> [Data supplied]:
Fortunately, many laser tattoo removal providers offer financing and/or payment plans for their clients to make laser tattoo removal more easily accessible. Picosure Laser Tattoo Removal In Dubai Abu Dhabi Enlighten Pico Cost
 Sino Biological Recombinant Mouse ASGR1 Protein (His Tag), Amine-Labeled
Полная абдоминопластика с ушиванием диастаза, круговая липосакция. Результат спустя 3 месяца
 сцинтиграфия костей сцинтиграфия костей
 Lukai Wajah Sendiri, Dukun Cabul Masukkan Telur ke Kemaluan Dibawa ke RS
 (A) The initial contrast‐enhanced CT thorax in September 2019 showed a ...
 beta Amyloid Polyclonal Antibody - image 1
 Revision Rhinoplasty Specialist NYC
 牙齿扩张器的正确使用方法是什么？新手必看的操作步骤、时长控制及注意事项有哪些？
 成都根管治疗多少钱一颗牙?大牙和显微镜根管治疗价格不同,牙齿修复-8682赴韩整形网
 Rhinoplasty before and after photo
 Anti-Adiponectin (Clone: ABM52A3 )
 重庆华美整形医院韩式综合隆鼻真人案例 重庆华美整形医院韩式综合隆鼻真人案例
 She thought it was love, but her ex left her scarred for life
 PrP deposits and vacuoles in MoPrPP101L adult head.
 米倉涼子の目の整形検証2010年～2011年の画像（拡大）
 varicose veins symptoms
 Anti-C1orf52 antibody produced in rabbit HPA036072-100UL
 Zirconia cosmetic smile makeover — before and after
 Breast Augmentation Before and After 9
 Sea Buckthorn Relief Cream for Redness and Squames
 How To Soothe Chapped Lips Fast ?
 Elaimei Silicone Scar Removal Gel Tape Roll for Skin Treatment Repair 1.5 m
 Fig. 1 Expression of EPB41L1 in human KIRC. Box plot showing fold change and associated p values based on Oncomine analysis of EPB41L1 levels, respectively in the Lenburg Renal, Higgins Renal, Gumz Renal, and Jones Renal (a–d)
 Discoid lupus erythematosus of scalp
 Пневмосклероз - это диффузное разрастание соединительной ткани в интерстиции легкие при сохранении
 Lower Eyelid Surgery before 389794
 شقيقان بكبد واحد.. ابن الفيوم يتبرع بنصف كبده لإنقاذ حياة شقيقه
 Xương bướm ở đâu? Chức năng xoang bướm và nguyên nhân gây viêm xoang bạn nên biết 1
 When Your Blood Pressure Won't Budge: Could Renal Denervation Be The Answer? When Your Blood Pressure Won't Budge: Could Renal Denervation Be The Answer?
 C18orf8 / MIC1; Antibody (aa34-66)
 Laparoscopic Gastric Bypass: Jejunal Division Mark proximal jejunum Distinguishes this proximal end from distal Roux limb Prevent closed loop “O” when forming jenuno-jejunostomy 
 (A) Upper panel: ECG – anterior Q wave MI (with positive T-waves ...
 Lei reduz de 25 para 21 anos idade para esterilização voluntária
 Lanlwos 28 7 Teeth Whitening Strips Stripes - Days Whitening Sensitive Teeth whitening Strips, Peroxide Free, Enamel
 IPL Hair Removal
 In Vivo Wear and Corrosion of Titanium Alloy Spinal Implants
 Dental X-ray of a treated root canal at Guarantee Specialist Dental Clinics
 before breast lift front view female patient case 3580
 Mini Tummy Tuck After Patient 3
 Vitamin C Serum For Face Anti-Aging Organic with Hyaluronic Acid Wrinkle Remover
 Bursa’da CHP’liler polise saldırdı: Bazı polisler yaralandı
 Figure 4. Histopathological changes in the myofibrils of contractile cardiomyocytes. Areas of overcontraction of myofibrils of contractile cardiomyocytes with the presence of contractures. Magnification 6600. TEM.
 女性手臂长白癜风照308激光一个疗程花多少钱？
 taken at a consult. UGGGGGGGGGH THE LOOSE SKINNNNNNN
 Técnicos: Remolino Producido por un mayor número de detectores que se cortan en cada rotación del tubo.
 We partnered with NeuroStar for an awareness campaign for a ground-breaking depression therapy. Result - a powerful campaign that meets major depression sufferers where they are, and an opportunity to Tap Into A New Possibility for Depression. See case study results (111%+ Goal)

> [What is required]: Each record above needs to be transcribed word for word.

> [Expected output]:
Fortunately, many laser tattoo removal providers offer financing and/or payment plans for their clients to make laser tattoo removal more easily accessible. Picosure Laser Tattoo Removal In Dubai Abu Dhabi Enlighten Pico Cost
 Sino Biological Recombinant Mouse ASGR1 Protein (His Tag), Amine-Labeled
Полная абдоминопластика с ушиванием диастаза, круговая липосакция. Результат спустя 3 месяца
 сцинтиграфия костей сцинтиграфия костей
 Lukai Wajah Sendiri, Dukun Cabul Masukkan Telur ke Kemaluan Dibawa ke RS
 (A) The initial contrast‐enhanced CT thorax in September 2019 showed a ...
 beta Amyloid Polyclonal Antibody - image 1
 Revision Rhinoplasty Specialist NYC
 牙齿扩张器的正确使用方法是什么？新手必看的操作步骤、时长控制及注意事项有哪些？
 成都根管治疗多少钱一颗牙?大牙和显微镜根管治疗价格不同,牙齿修复-8682赴韩整形网
 Rhinoplasty before and after photo
 Anti-Adiponectin (Clone: ABM52A3 )
 重庆华美整形医院韩式综合隆鼻真人案例 重庆华美整形医院韩式综合隆鼻真人案例
 She thought it was love, but her ex left her scarred for life
 PrP deposits and vacuoles in MoPrPP101L adult head.
 米倉涼子の目の整形検証2010年～2011年の画像（拡大）
 varicose veins symptoms
 Anti-C1orf52 antibody produced in rabbit HPA036072-100UL
 Zirconia cosmetic smile makeover — before and after
 Breast Augmentation Before and After 9
 Sea Buckthorn Relief Cream for Redness and Squames
 How To Soothe Chapped Lips Fast ?
 Elaimei Silicone Scar Removal Gel Tape Roll for Skin Treatment Repair 1.5 m
 Fig. 1 Expression of EPB41L1 in human KIRC. Box plot showing fold change and associated p values based on Oncomine analysis of EPB41L1 levels, respectively in the Lenburg Renal, Higgins Renal, Gumz Renal, and Jones Renal (a–d)
 Discoid lupus erythematosus of scalp
 Пневмосклероз - это диффузное разрастание соединительной ткани в интерстиции легкие при сохранении
 Lower Eyelid Surgery before 389794
 شقيقان بكبد واحد.. ابن الفيوم يتبرع بنصف كبده لإنقاذ حياة شقيقه
 Xương bướm ở đâu? Chức năng xoang bướm và nguyên nhân gây viêm xoang bạn nên biết 1
 When Your Blood Pressure Won't Budge: Could Renal Denervation Be The Answer? When Your Blood Pressure Won't Budge: Could Renal Denervation Be The Answer?
 C18orf8 / MIC1; Antibody (aa34-66)
 Laparoscopic Gastric Bypass: Jejunal Division Mark proximal jejunum Distinguishes this proximal end from distal Roux limb Prevent closed loop “O” when forming jenuno-jejunostomy 
 (A) Upper panel: ECG – anterior Q wave MI (with positive T-waves ...
 Lei reduz de 25 para 21 anos idade para esterilização voluntária
 Lanlwos 28 7 Teeth Whitening Strips Stripes - Days Whitening Sensitive Teeth whitening Strips, Peroxide Free, Enamel
 IPL Hair Removal
 In Vivo Wear and Corrosion of Titanium Alloy Spinal Implants
 Dental X-ray of a treated root canal at Guarantee Specialist Dental Clinics
 before breast lift front view female patient case 3580
 Mini Tummy Tuck After Patient 3
 Vitamin C Serum For Face Anti-Aging Organic with Hyaluronic Acid Wrinkle Remover
 Bursa’da CHP’liler polise saldırdı: Bazı polisler yaralandı
 Figure 4. Histopathological changes in the myofibrils of contractile cardiomyocytes. Areas of overcontraction of myofibrils of contractile cardiomyocytes with the presence of contractures. Magnification 6600. TEM.
 女性手臂长白癜风照308激光一个疗程花多少钱？
 taken at a consult. UGGGGGGGGGH THE LOOSE SKINNNNNNN
 Técnicos: Remolino Producido por un mayor número de detectores que se cortan en cada rotación del tubo.
 We partnered with NeuroStar for an awareness campaign for a ground-breaking depression therapy. Result - a powerful campaign that meets major depression sufferers where they are, and an opportunity to Tap Into A New Possibility for Depression. See case study results (111%+ Goal)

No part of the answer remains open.